Collapse query cause
From WardWiki - Foundation Doctor Helper
Collapse query cause is an extremely common reason to be bleeped to the wards and has various presentations, from a fall in the night to a life threatening ventricular arrhythmia. It is an extremely important acute medical admission that takes much time and care in finding the true cause. Each case must be carefully assessed on its merits and no quick conclusions should be drawn.
The role of a foundation doctor is to ensure any serious causes are treated quickly and appropriate investigations are arranged. It is not essential to know every single cause and it is futile to attempt to do so in the first few months. Collapse query cause should be limited to mean syncope rather than any cause for falling. Any sudden event in medicine is very often caused by a drop in neuronal output or interruption to neural blood supply.
Causes of syncope
These are causes that are common, easy to exclude or frankly dangerous. These must be appraised before any rarer cause is found.
- Vasovagal syncope - a transient drop in cardiac output caused by vagal overdrive, causing a bradycardia
- Cardiogenic syncope - arrhythmias, cardiogenic shock, cardiomyopathy and aortic valve stenosis
- Postural hypotension
- Drug induced - don't ever forget glucose in diabetic patients
- Any cause of vasodilatation when the patient cannot compensate - UTI or pneumonia are common
A witnessed history is invaluable but the following factors must be carefully searched for:
- Was there a presyncope or aura?
- Does the patient fell warm or cold on regaining consciousness?
- Has it happened before?
- Have multiple syncopes been investigated and remain undiagnosed?
- Is there associated chest pain or palpitations?
- Is there any focal neurology or headache?
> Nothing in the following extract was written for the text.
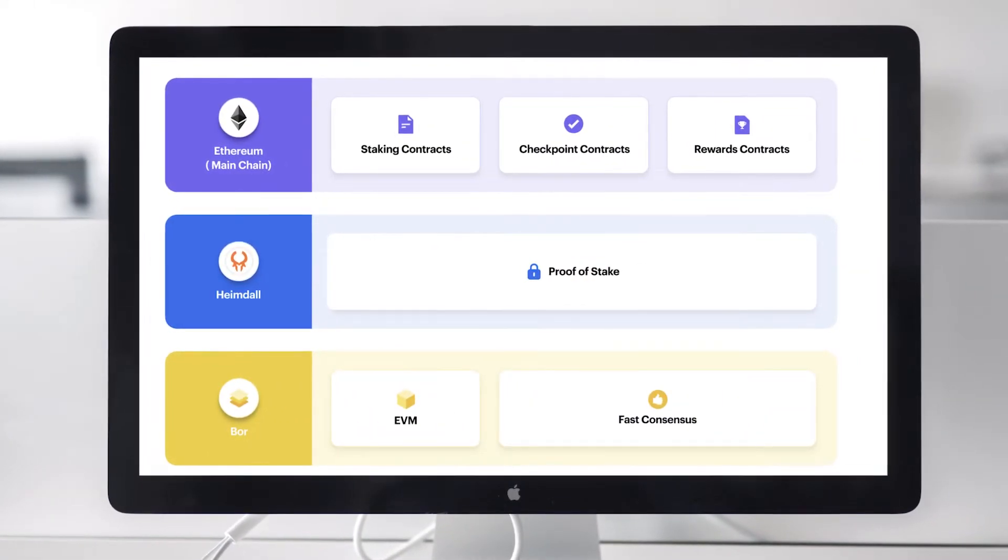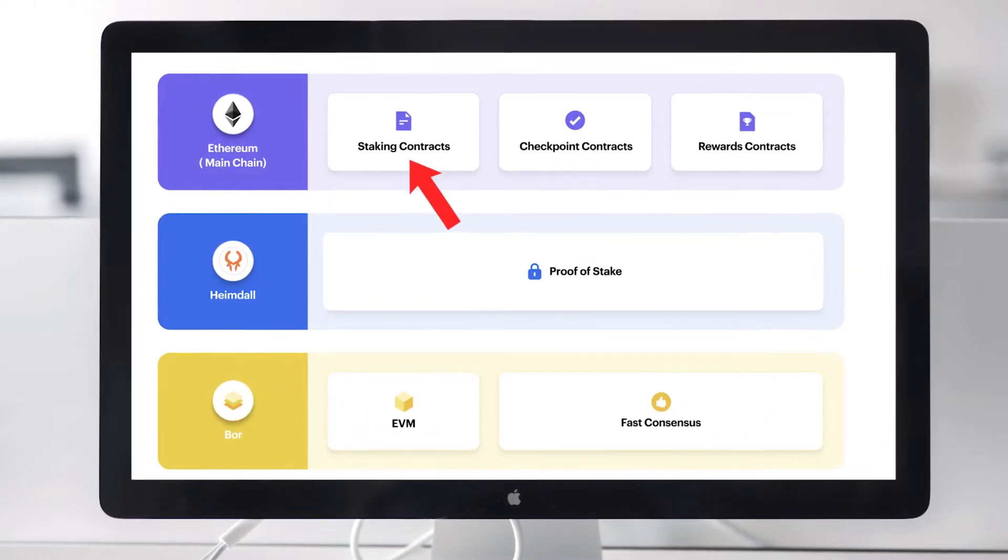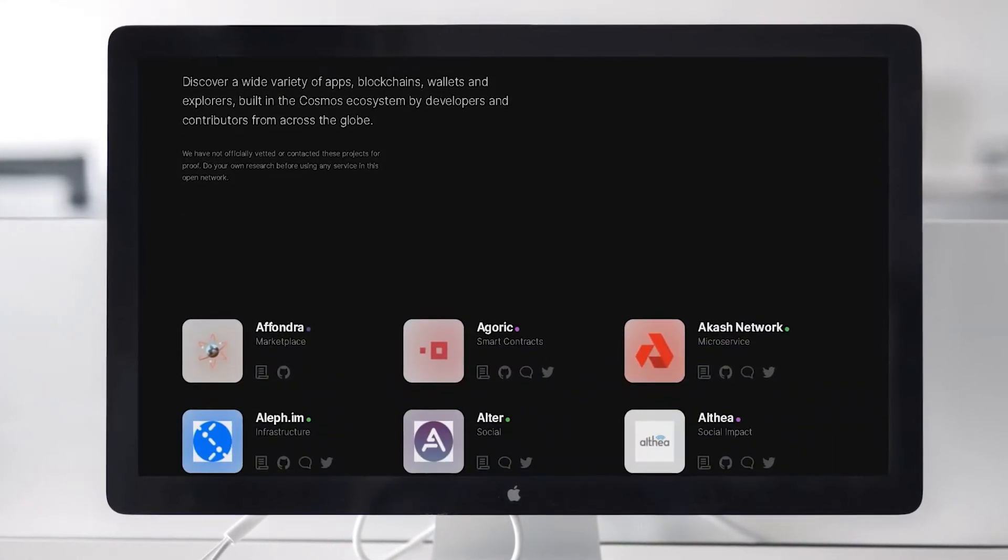Hemdall is the proof-of-stake validator node that works with the staking contracts on Ethereum to enable the proof-of-stake mechanism on Polygon. Polygon has implemented their proof-of-stake mechanism by building on top of Tendermint's consensus engine to create their own customized version, which they call Peppermint. Check out my videos on the Cosmos network if you want to learn more about the Tendermint consensus engine. Hemdall is responsible for block validation, block producer committee selection, and checkpointing a representation of the sidechain blocks to Ethereum, among other things.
- Does the patient remember the event?
- Have new medications been started?
- Was there loss of bowel and bladder control?
- Was it relating to coughing or other forms of strain?
Airway and breathing must be assessed and any abnormality acted upon before further examination. A sudden collapse is either circulatory or neurogenic and these must form the focus of the examination. Examination of the pulse is extremely important yet so many foundation doctors focus more on the inaccurate heart rate as given on automated blood pressure machines.
Performing an ECG is an integral part of the examination and must not be left until a HCA is free to perform it.